In der Bundesrepublik Deutschland wird unterschieden zwischen Zivilprozessrecht und Strafprozessrecht (neben der freiwilligen Gerichtsbarkeit, die unter anderem für Nachlass-, Betreuungs-, Handelsregister-, Genossenschafts-, Vereinsangelegenheiten zuständig ist).

Das Zivilprozessrecht wird geregelt durch die Zivilprozessordnung (ZPO) einerseits und das Gerichtsverfassungsgesetz (GVG) andererseits.

Die Zivilprozessordnung ist wie folgt gegliedert

Buch 1 Allgemeine Vorschriften (Bezeichnung der Parteien: Kläger - Beklagter bzw. Antragsteller - Antragsgegner bzw. Gläubiger - Schuldner; im Strafprozess je nach Verfahrensstadium Beschuldigter, Angeschuldigter, Angeklagter oder Verurteilter, im Ordnungswidrigkeitenverfahren Betroffener)
Buch 2 Verfahren im ersten Rechtszug (sog. erste Instanz) (Verfahren vor dem Amts- und Landgerichten als erster Instanz)
Buch 3 Rechtsmittel (sog. zweite Instanz; Berufung, Revision, Beschwerde)
Buch 4 Wiederaufnahme des Verfahrens (nach Abschluss eines Verfahrens; nur unter sehr strengen Voraussetzungen möglich)
Buch 5 Urkunden- und Wechselprozess (als Beweismittel genügt die Vorlage der entsprechenden Urkunde)
Buch 6 Verfahren in Familiensachen (Scheidungssachen, Kindschaftssachen, Unterhaltssachen, Lebenspartnerschaftssachen)
Buch 7 Mahnverfahren (Antrag auf Mahn- und Vollstreckungsbescheid = rechtskräftiger Titel)
Buch 8 Zwangsvollstreckung (Voraussetzungen: Titel [rechtskräftiges Urteil, rechtskräftiger Vergleich, Vollstreckungsbescheid aus einem Mahnverfahren, auch Kostenfestsetzungsbeschluss] - Klausel ["vorstehende Abschrift wird hiermit dem Kläger/Beklagten zum Zwecke der Zwangsvollstreckung erteilt"] - Zustellung [Vermerk auf dem Titel, dass er der Gegenseite am ... zugestellt wurde; Zustellung ist auch durch Gerichtsvollzieher möglich])
Buch 9 Aufgebotsverfahren
Buch 10 Schiedsrichterliches Verfahren
Buch 11 Justizielle Zusammenarbeit in der Europäischen Union

Das GVG regelt die Gerichtsverfassung der streitigen Zivilgerichtsbarkeit und der Strafgerichtsbarkeit.
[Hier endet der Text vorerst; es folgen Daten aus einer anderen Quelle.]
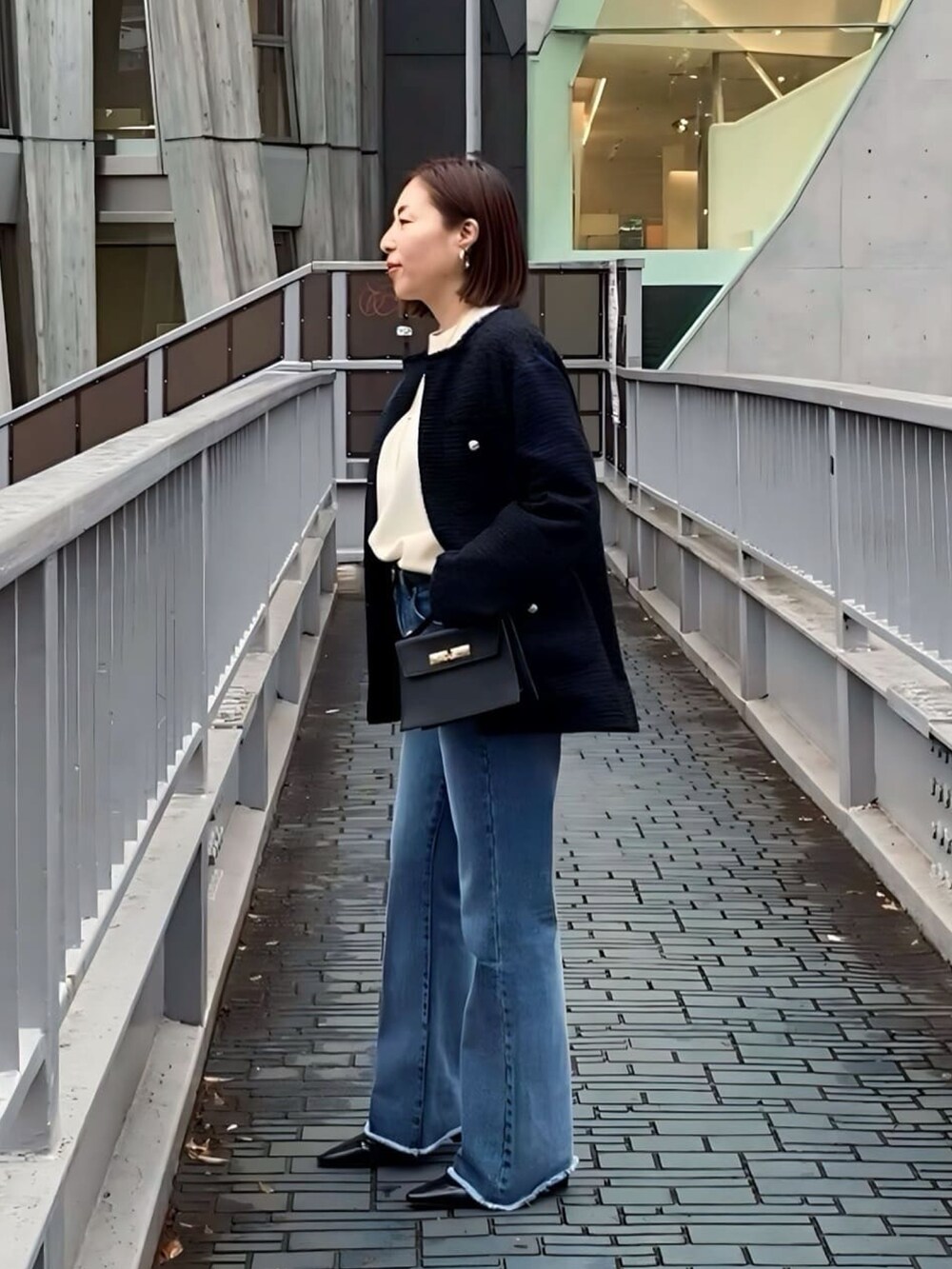 ホワイト系のニット/セーター、ブルー系のノーカラージャケット、ブラック系のハンドバッグを着用したレディースの冬コーディネートの2枚目の写真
Es enthält also z. B. Vorschriften über die Zuständigkeit der Gerichte, die Besetzung der Spruchkörper (Einzelrichter), Gerichtsvollzieher etc.
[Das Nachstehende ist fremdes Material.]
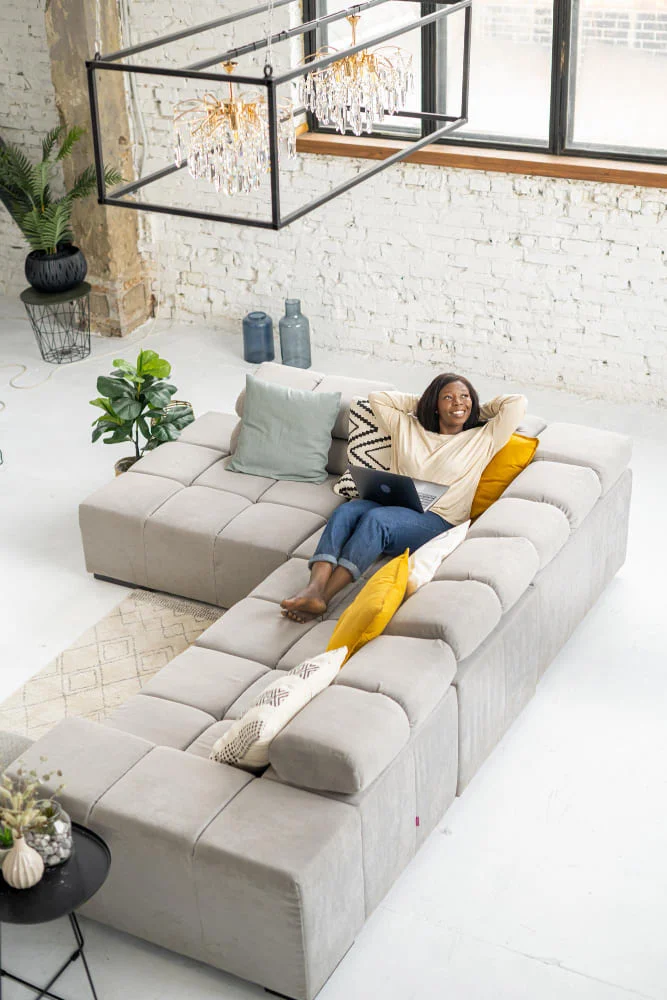 A woman relaxes on a couch in a cozy room, enjoying a moment of leisure and comfort.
Unter das Zivilprozessrecht fallen folgende Rechtsstreitigkeiten

Das Zivilprozessrecht schreibt grundsätzlich vor, dass vor den Landgerichten und Oberlandesgerichten Anwaltszwang/Anwaltserfordernis herrscht (sog. Anwaltsprozess); man kann sich also nicht selbst vertreten, sondern muss einen beim jeweiligen Gericht zugelassenen Rechtsanwalt mit der Wahrnehmung seiner Interessen beauftragen. Vor den Amtsgerichten hingegen kann man sich selbst vertreten. Ausnahmen bilden Verfahren über Ehesachen (Scheidung, Aufhebung etc.) und deren Folgesachen, Güterrechts- sowie Lebenspartnerschaftssachen vor den Amtsgerichten - hier herrscht ebenfalls Anwaltszwang.